**Task goal**
Print the lines below from the line with "সিলেট সীমান্তে দেড়" to the line with "Berry Madness ·" exactly, keeping both ends, and print no pictures.

**Data for review**
# # #

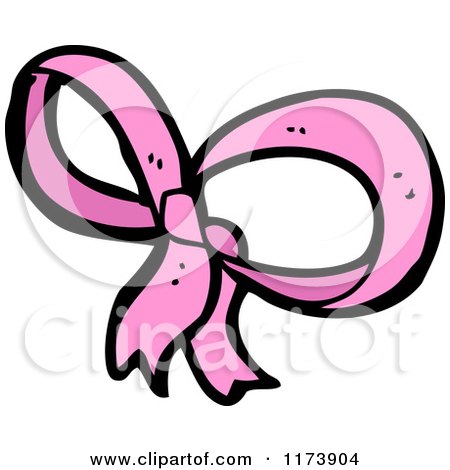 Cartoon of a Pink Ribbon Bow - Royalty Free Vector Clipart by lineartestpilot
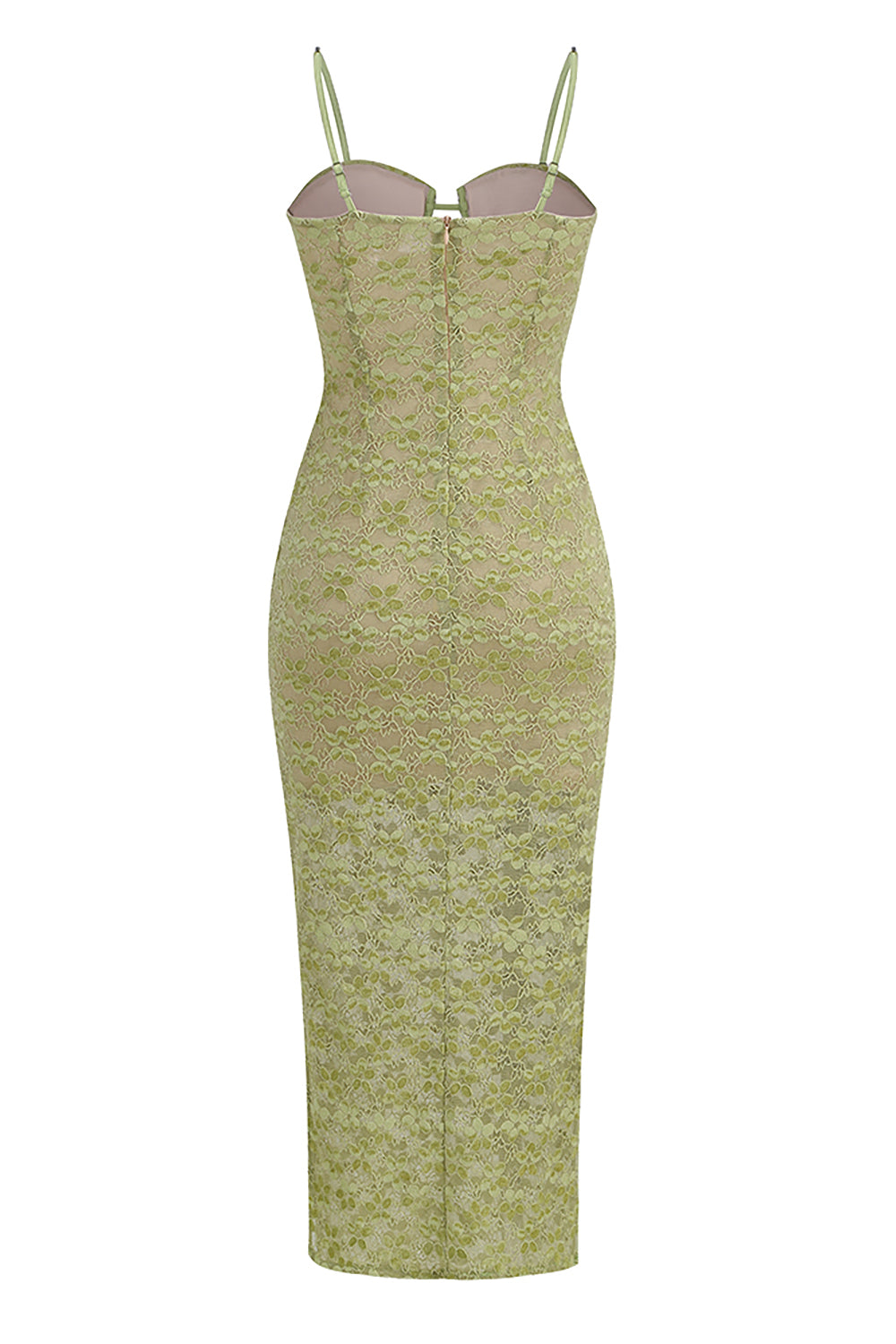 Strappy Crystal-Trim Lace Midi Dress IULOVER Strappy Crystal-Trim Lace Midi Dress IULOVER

# # #

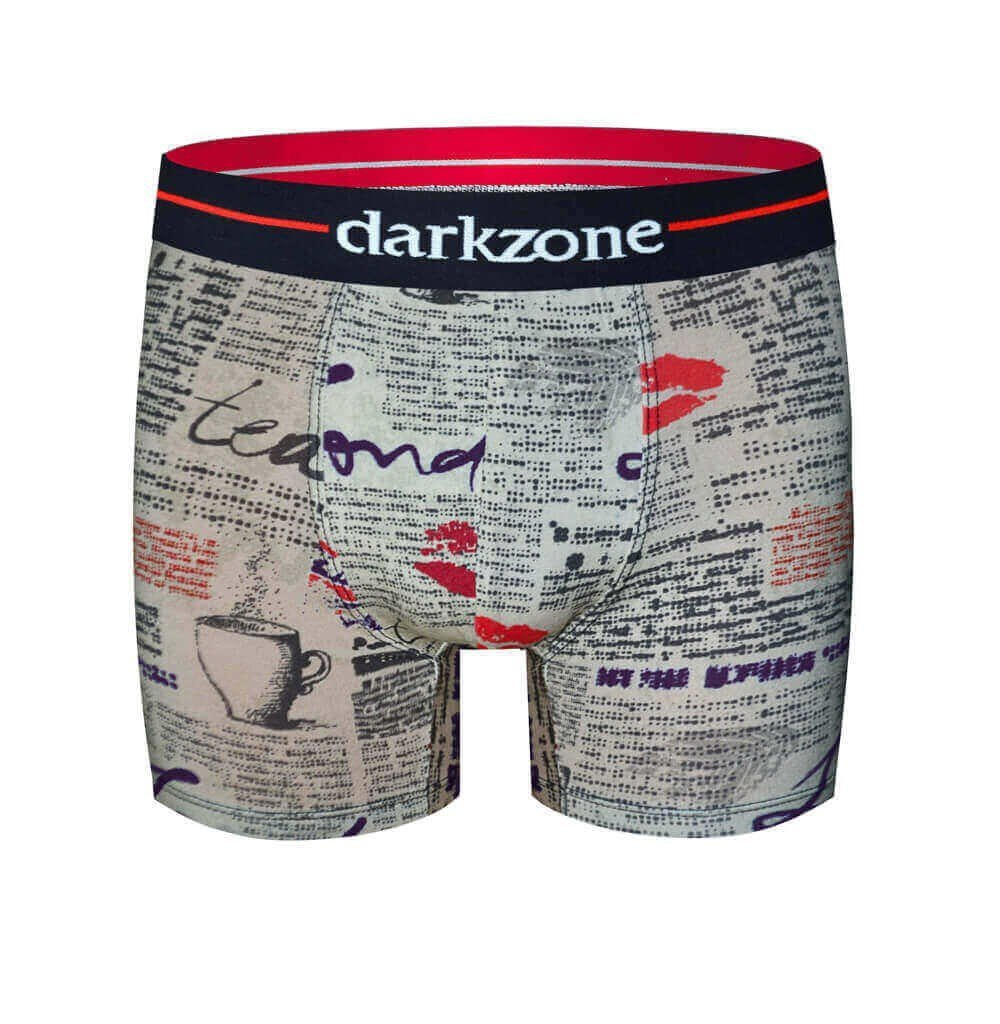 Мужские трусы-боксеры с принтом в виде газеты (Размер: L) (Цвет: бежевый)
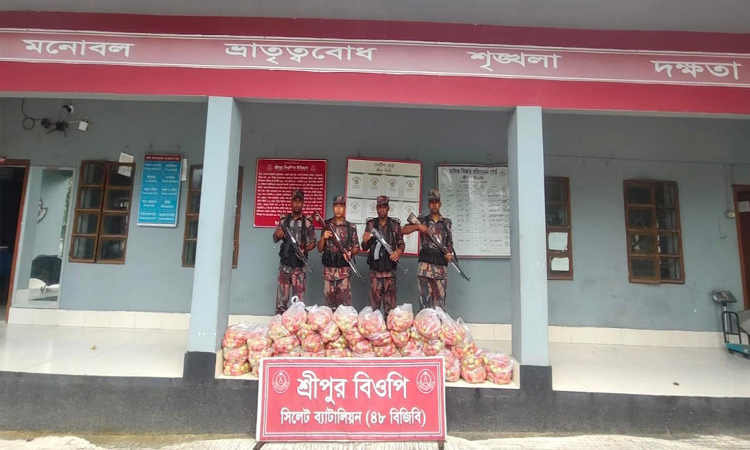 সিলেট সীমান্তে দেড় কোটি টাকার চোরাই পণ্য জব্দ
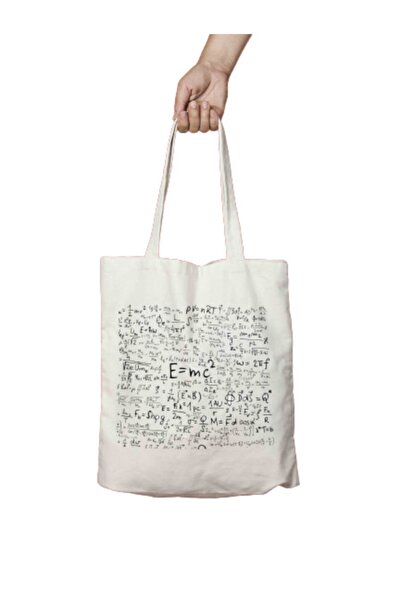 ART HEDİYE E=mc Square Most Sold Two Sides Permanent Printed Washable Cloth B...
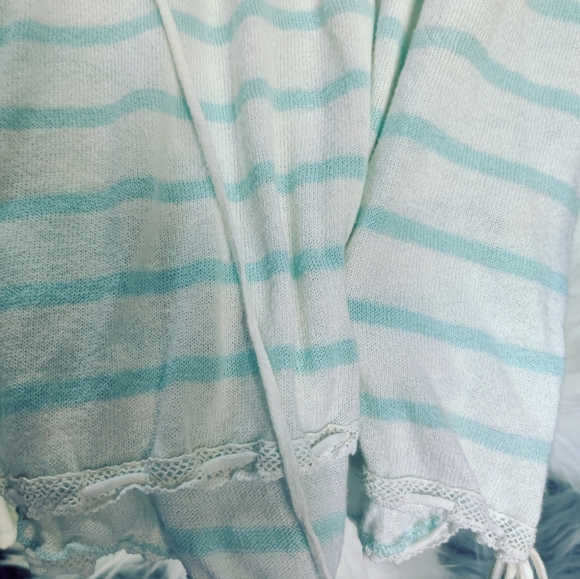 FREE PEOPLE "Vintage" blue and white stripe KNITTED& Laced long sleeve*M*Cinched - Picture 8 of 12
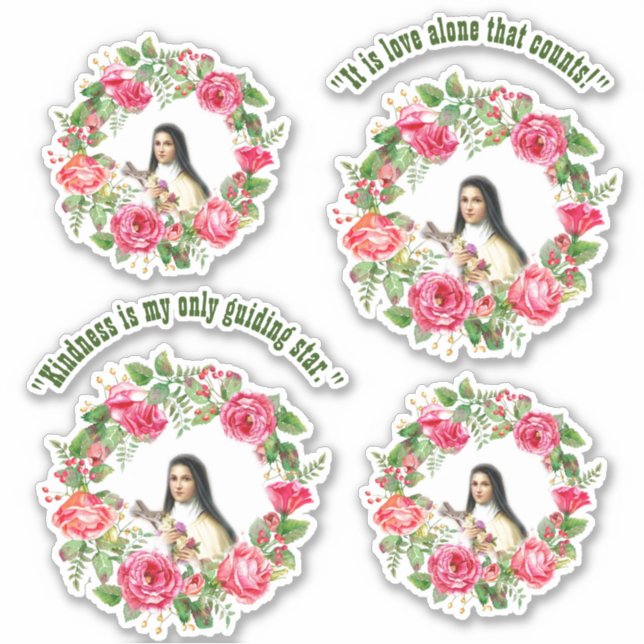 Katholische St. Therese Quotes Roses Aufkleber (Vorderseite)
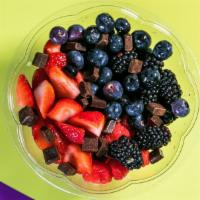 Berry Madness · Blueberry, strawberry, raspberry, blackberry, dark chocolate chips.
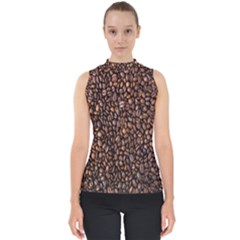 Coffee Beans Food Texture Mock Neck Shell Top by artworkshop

# # #

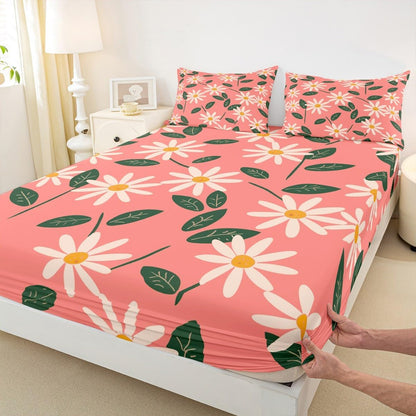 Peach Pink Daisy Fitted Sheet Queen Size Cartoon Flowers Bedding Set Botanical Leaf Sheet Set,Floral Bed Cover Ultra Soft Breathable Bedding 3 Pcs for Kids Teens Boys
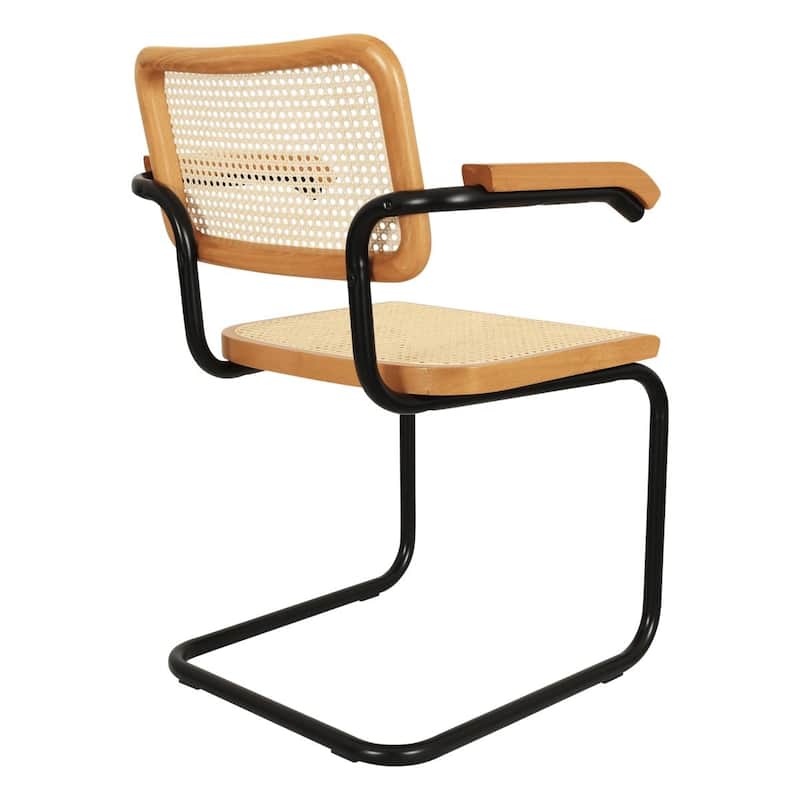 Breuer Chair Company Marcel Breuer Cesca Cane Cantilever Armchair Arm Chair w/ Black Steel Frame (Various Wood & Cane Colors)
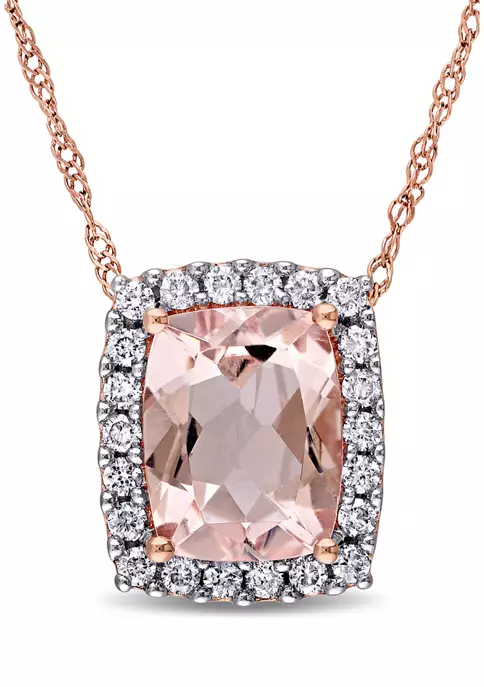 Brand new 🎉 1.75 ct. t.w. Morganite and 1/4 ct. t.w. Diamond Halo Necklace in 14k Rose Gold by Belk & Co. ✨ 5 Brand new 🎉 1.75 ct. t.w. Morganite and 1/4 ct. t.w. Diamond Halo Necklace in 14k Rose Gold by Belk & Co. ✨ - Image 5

# # #

**Your solution**
 সিলেট সীমান্তে দেড় কোটি টাকার চোরাই পণ্য জব্দ
 ART HEDİYE E=mc Square Most Sold Two Sides Permanent Printed Washable Cloth B...
 FREE PEOPLE "Vintage" blue and white stripe KNITTED& Laced long sleeve*M*Cinched - Picture 8 of 12
 Katholische St. Therese Quotes Roses Aufkleber (Vorderseite)
 Berry Madness · Blueberry, strawberry, raspberry, blackberry, dark chocolate chips.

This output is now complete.